§ **Problem details**:
Copy out the data word for word, without any of its pictures.

§ **Records for this exercise**:
##############################
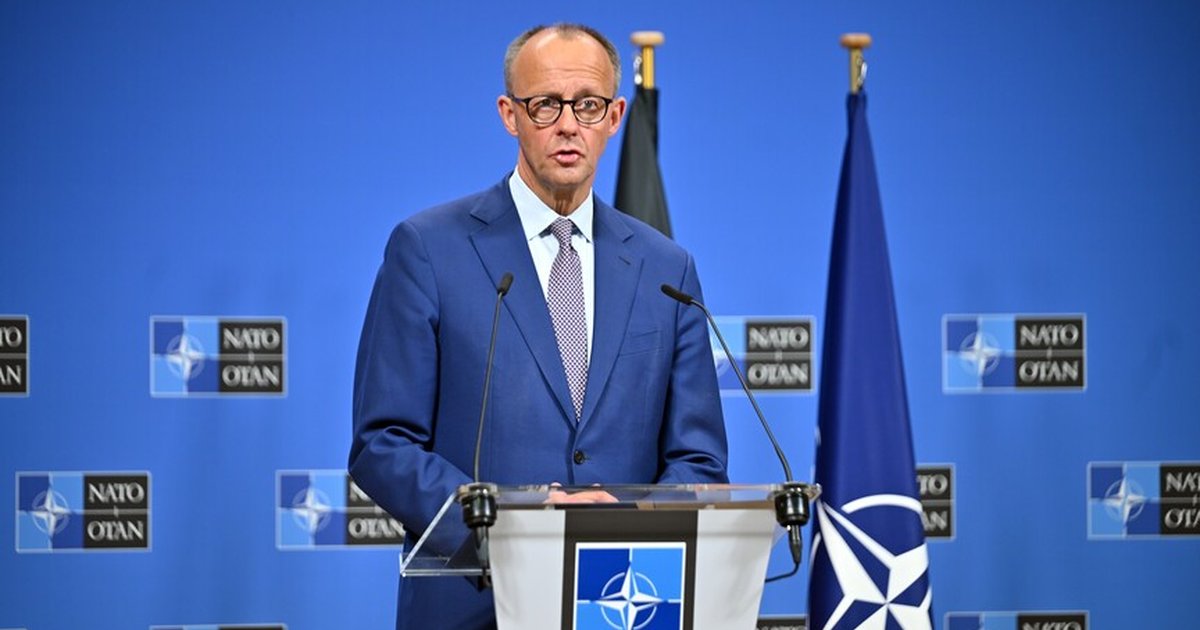 Merz'den NATO Zirvesi'nde Ankara ruhu umudu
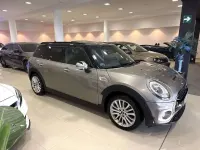 Usado Mini Cooper SD 190 CV (139 kW) 2016 Gris Utilitario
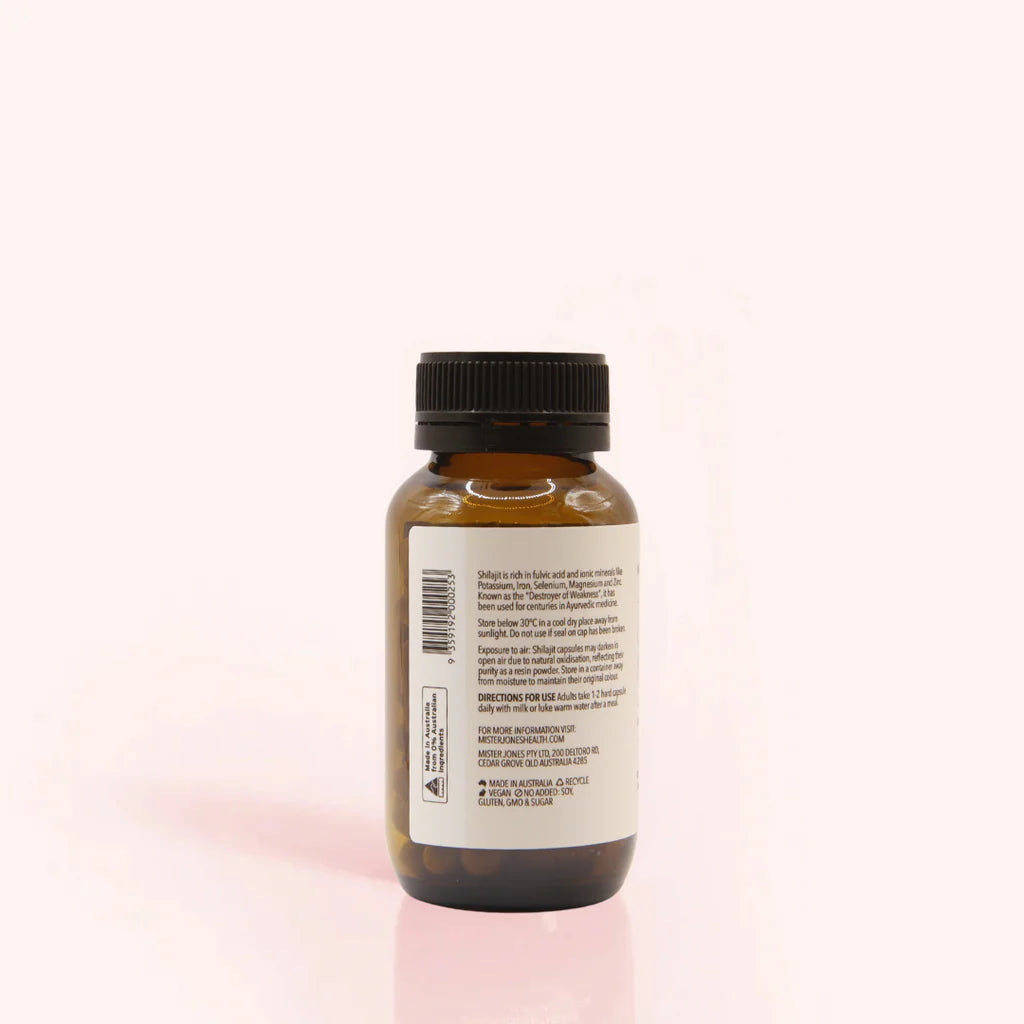 Organic Shilajit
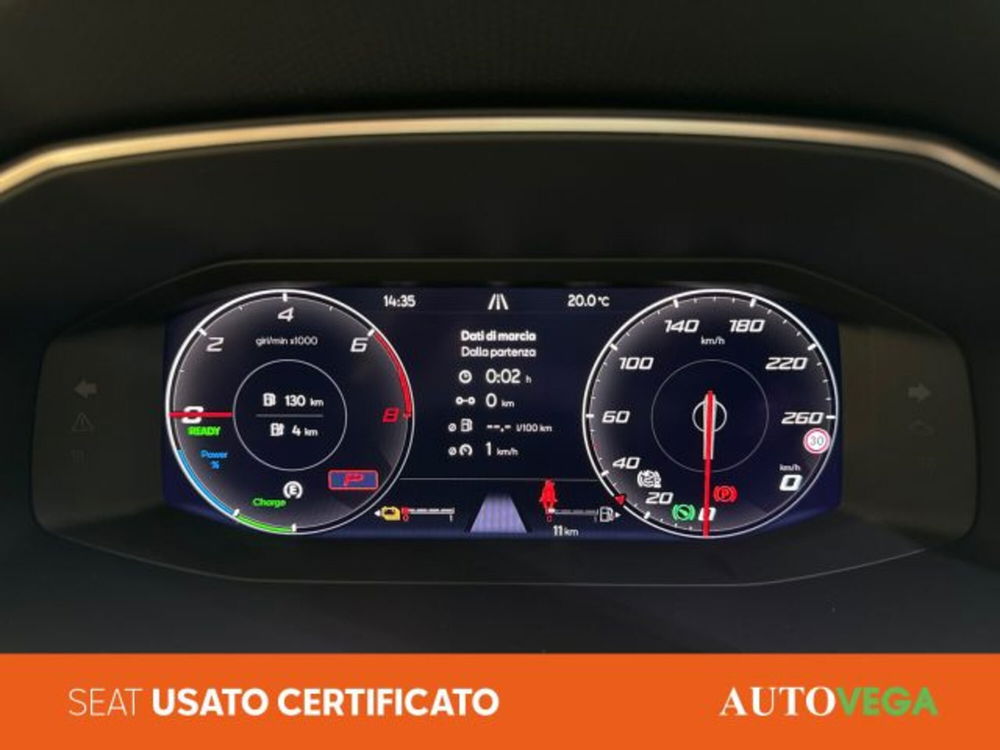 SEAT Leon nuova a Vicenza (10)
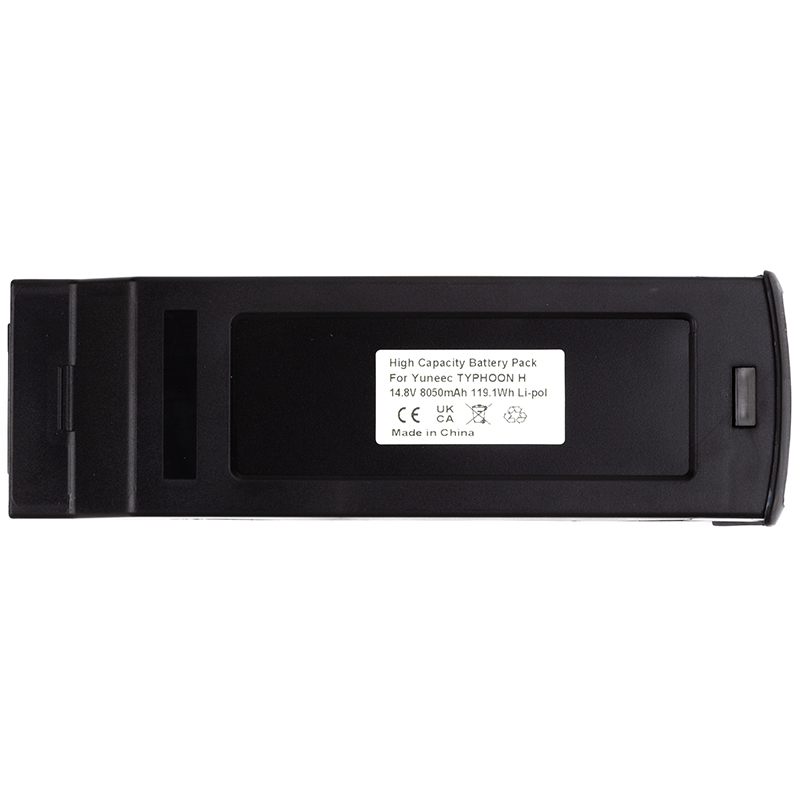 Акумулятор PowerPlant Yuneec Typhoon H 8050mAh (1477908)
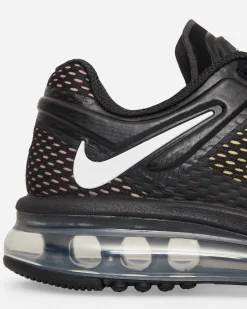 Nike Sneakers·Low|Sneakers^Stüssy Air Max 2013 Sneakers Black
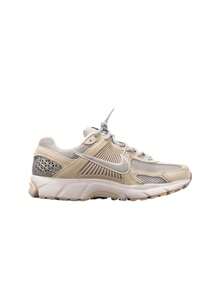 Nike Vomero 5 Men's Casual Athletic Shoes Comfortable Versatile Stylish Street Style Running School Grey HF1553-101 - Light Orewood Brown - View 5
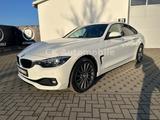 BMW 420i xDrive Gran Coupe Advantage/Navi/LED/Kamera - weiße BMW 420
##############################
§ **Response to the task**:
 Merz'den NATO Zirvesi'nde Ankara ruhu umudu
 Usado Mini Cooper SD 190 CV (139 kW) 2016 Gris Utilitario
 Organic Shilajit
 SEAT Leon nuova a Vicenza (10)
 Акумулятор PowerPlant Yuneec Typhoon H 8050mAh (1477908)
 Nike Sneakers·Low|Sneakers^Stüssy Air Max 2013 Sneakers Black
 Nike Vomero 5 Men's Casual Athletic Shoes Comfortable Versatile Stylish Street Style Running School Grey HF1553-101 - Light Orewood Brown - View 5
 BMW 420i xDrive Gran Coupe Advantage/Navi/LED/Kamera - weiße BMW 420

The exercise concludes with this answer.